I do not recommend hooking up your CPU fan to a controller. Most (if not all) CPUs need go through the mobo header in order to work as designed.

There are a ton of controllers out there at various prices (see below)



> http://www.pccasegear.com/index.php?main_page=index&cPath=9_511


Im not sure where you are from but this example is from an Australian site.

All I can recommend is once you have found something that you like - research any reviews or blogs that feature the controller. Not all controllers are created equal and you need to make sure they can handle the juice running through them.

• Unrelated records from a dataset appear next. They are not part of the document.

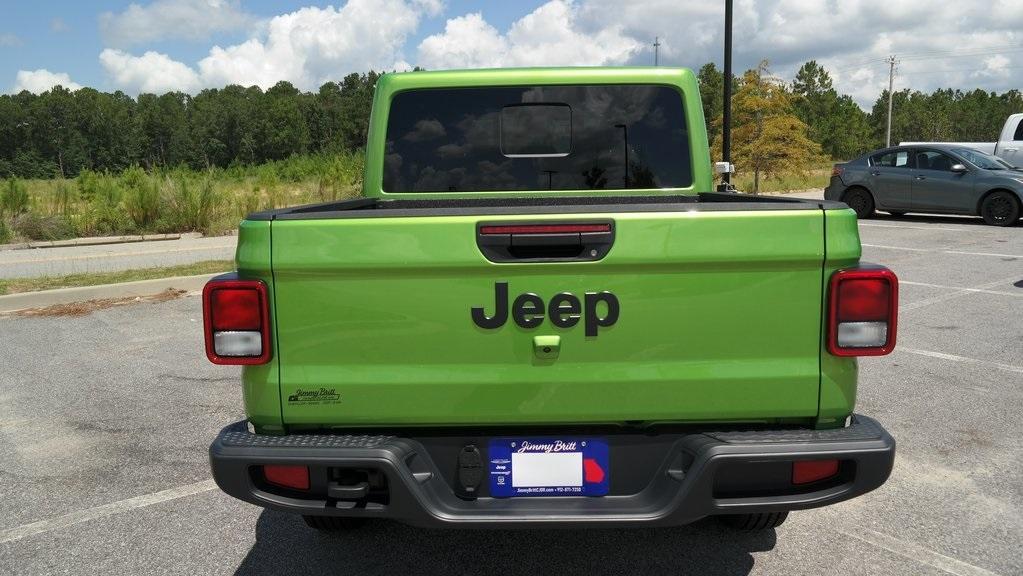 new 2025 Jeep Gladiator car, priced at $35,977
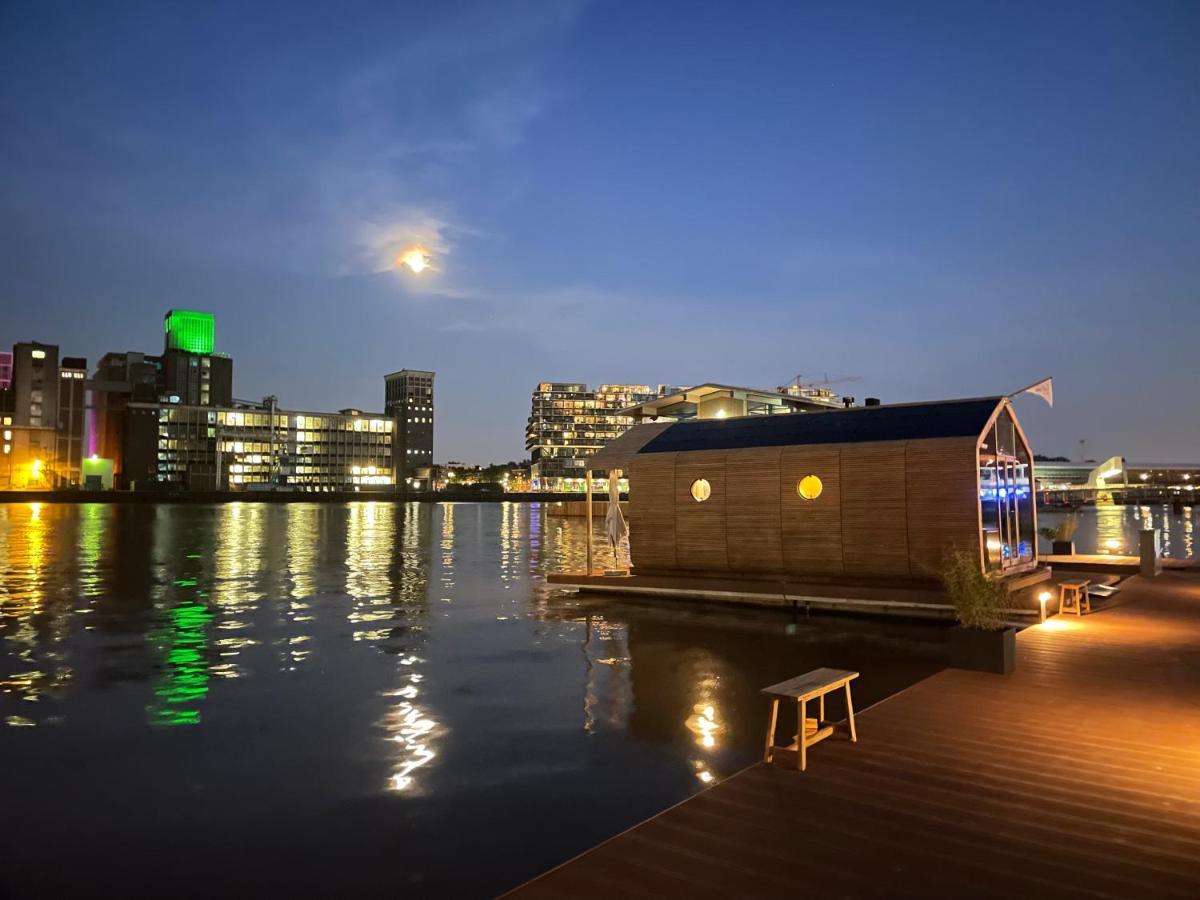 Wikkelboat Nr2 At Floating Rotterdam Rijnhaven Hotel Exterior photo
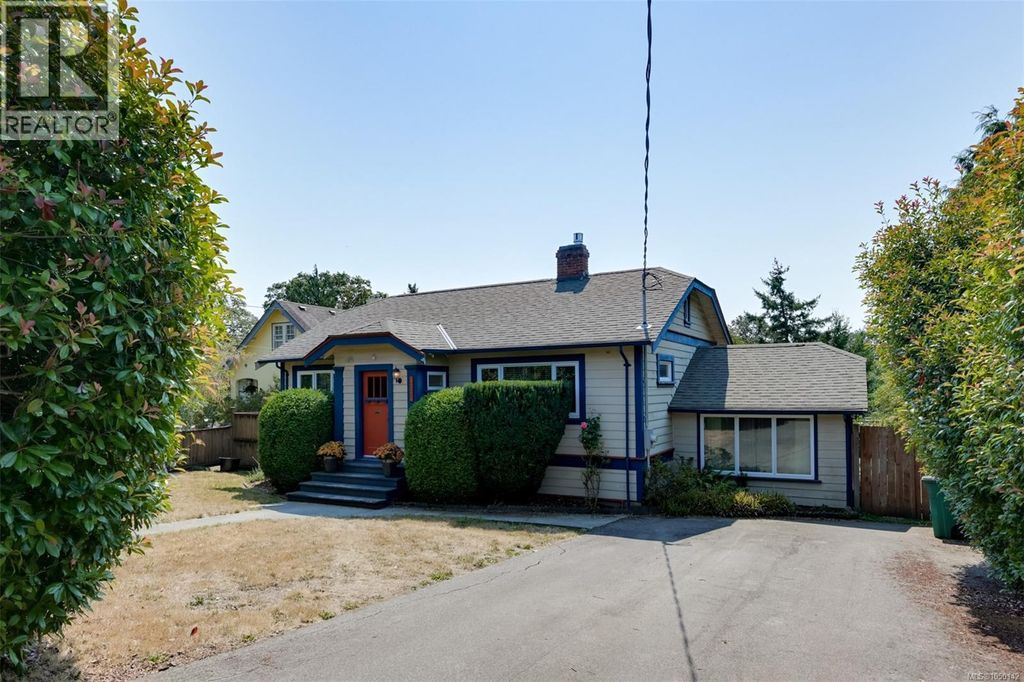 3374 Cook St, Saanich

I trust this helps - let us know how you go.


----------



## kasgeek (Mar 23, 2009)

I'm from London

I was thinking this new, it's nice and simple

http://www.amazon.co.uk/LINDY-Case-...?ie=UTF8&s=electronics&qid=1237977224&sr=1-50

Acually I really like this one

http://www.pccasegear.com/index.php?main_page=product_info&cPath=9_511&products_id=6786

And this one

http://www.pccasegear.com/index.php?main_page=product_info&cPath=9_511&products_id=6702

My point being I need to know how physically install it before I buy it

Thanks for the help so far!


----------



## kasgeek (Mar 23, 2009)

Actually LOL
I want this one

If you guys can explain how to install it, that would be great, my specs are in the first post


----------



## derek_jones_36 (Nov 9, 2008)

Those are actually pretty easy to install. Just pull out the metal peice in the 5.25" bay area and slide the fan unit in and then secure it with whatever screws they provided. I believe you should have one connection going to the motherboard with only one wire coming from there so you can view rpm's on your system. Then there's a second wire leading to the Power Supply. Just make sure you have enough room to work in the case. Make sure of course to have absolutely everything powered OFF for this. That should be about it for that. Most of those fan controller manufacturers include pretty simple install guides. Shouldn't be too hard. Good Luck. Any More questions feel free to ask

Jones


----------



## sethy666 (Feb 11, 2008)

Which one? you didnt put in a link 



> Actually LOL
> I want this one


If you have one in mind, as I said, google for reviews and a few have online installation guides so you can get a handle on how easy the install will be. 

With any piece of gear for your PC, a few minutes reaseaching can save a whole heap of dramas and dollars


----------



## derek_jones_36 (Nov 9, 2008)

True enough. I will troll for one.

Jones


----------



## derek_jones_36 (Nov 9, 2008)

http://www.tomshardware.com/forum/245682-28-controller-antec-case

http://www.smartcomputing.com/Edito...cle=articles/2004/w1510/40w02/40w02.asp&guid=

http://www.overclock.net/air-cooling/357280-how-install-fan-controller.html

Let me know if this helps

Jones


----------